Check which DNS records you get:

dig +short api.telegram.org A
dig +short api.telegram.org AAAA

Check whether the VM can reach the internet over IPv6:

ping -6 -c 3 google.com || true
curl -6 https://api.telegram.org 2>/dev/null | head -n 1 || true

Fix options

Option A (Best): Enable working IPv6 egress in your VM network

If your VM provider supports IPv6, ensure the VM has a proper IPv6 address, gateway, and egress route. This is the cleanest fix if you need IPv6.

Option B: Prefer IPv4 for Telegram by adjusting the host networking/DNS behavior

If IPv6 is unreliable, force the system to prefer IPv4 for outbound connections (or specifically for Telegram). Exact steps vary by distro/provider, but the goal is: when both A and AAAA exist, use A first.

Option C: Pin an IPv4 address for api.telegram.org (last resort)

You can map api.telegram.org to an IPv4 address in /etc/hosts to bypass IPv6 resolution. This is brittle (IP can change) but can be effective in emergencies.

# Example (replace with current A record from dig):
# 149.154.167.220 api.telegram.org

After making changes

Restart the gateway:

clawdbot gateway restart

Optional: Configure Telegram on Clawdbot (Bot Token Setup)

If your goal is to run Clawdbot in a VM and interact via Telegram, here’s the quick, reliable path. Clawdbot supports Telegram via the Telegram Bot API (long-polling by default; webhook optional).

1) Create a bot and token (BotFather)

  1. Open Telegram and chat with @BotFather.
  2. Run /newbot and follow prompts.
  3. Copy the token.

2) Add token to Clawdbot config

{
  "channels": {
    "telegram": {
      "enabled": true,
      "botToken": "123:abc",
      "dmPolicy": "pairing"
    }
  }
}

Alternatively, use an environment variable:

export TELEGRAM_BOT_TOKEN="123:abc"

3) Restart the gateway

clawdbot gateway restart

4) Approve pairing (DM safety)

By default, Telegram DMs require pairing approval. When you DM your bot the first time, approve the code using:

clawdbot pairing list telegram
clawdbot pairing approve telegram <CODE>

Telegram + VM note

If Telegram behaves inconsistently on a VM, check IPv6 first (see the IPv6 troubleshooting section above).
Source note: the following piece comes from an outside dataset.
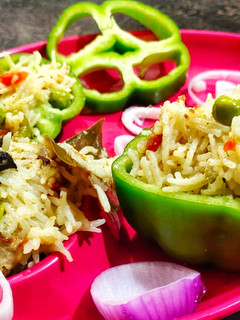 કોકોનટ મિલ્ક વેજ પુલાવ(Coconut milk veg pulao recipe in Gujarati) રેસીપી મુખ્ય ફોટો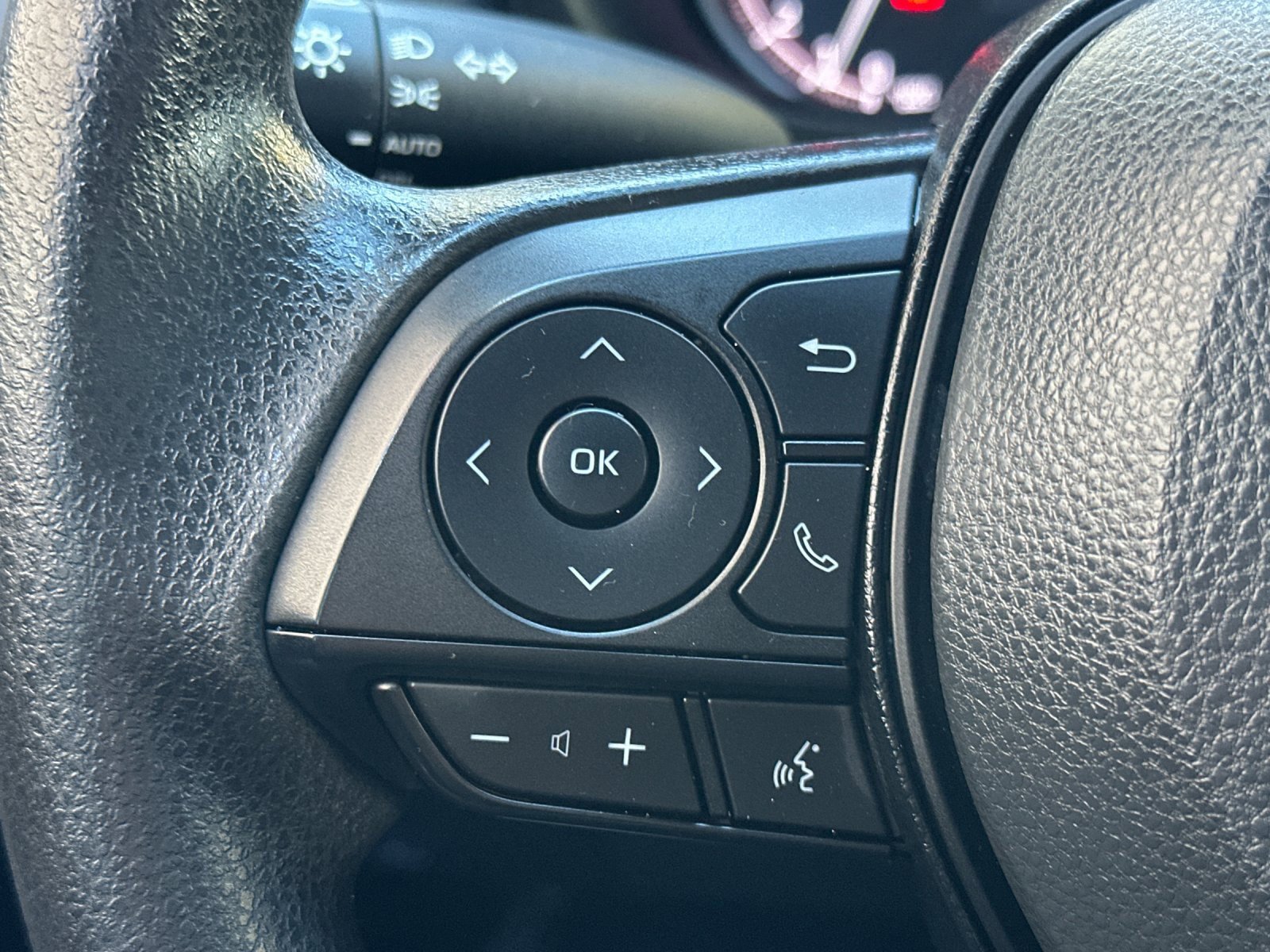 Used 2024 Toyota RAV4 XLE image 27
Telegram API access is sensitive to broken IPv6 egress when DNS returns AAAA records.

Common Problems & Fixes

Problem: “clawdbot” command not found

  • Confirm Node/npm are installed and on PATH.
  • Confirm the npm global bin dir is on PATH: export PATH="$(npm prefix -g)/bin:$PATH"

Problem: Installer finishes, but services stop when you log out

  • Enable lingering: sudo loginctl enable-linger $USER
  • Then restart: clawdbot gateway restart

Problem: Telegram bot doesn’t register commands or can’t send messages

  • Confirm outbound HTTPS/DNS from the VM to api.telegram.org.
  • Investigate IPv6 (AAAA records + broken egress) and apply fixes.

Problem: Global npm install fails with EACCES

  • Set npm prefix to a user-writable directory (avoid sudo installs):
    mkdir -p "$HOME/.npm-global"
    npm config set prefix "$HOME/.npm-global"
    export PATH="$HOME/.npm-global/bin:$PATH"

Summary: Install Clawdbot with the official installer, run onboarding, enable systemd lingering on Linux VMs, verify with clawdbot status/clawdbot health, and treat IPv6 as a first-class troubleshooting target on VMs.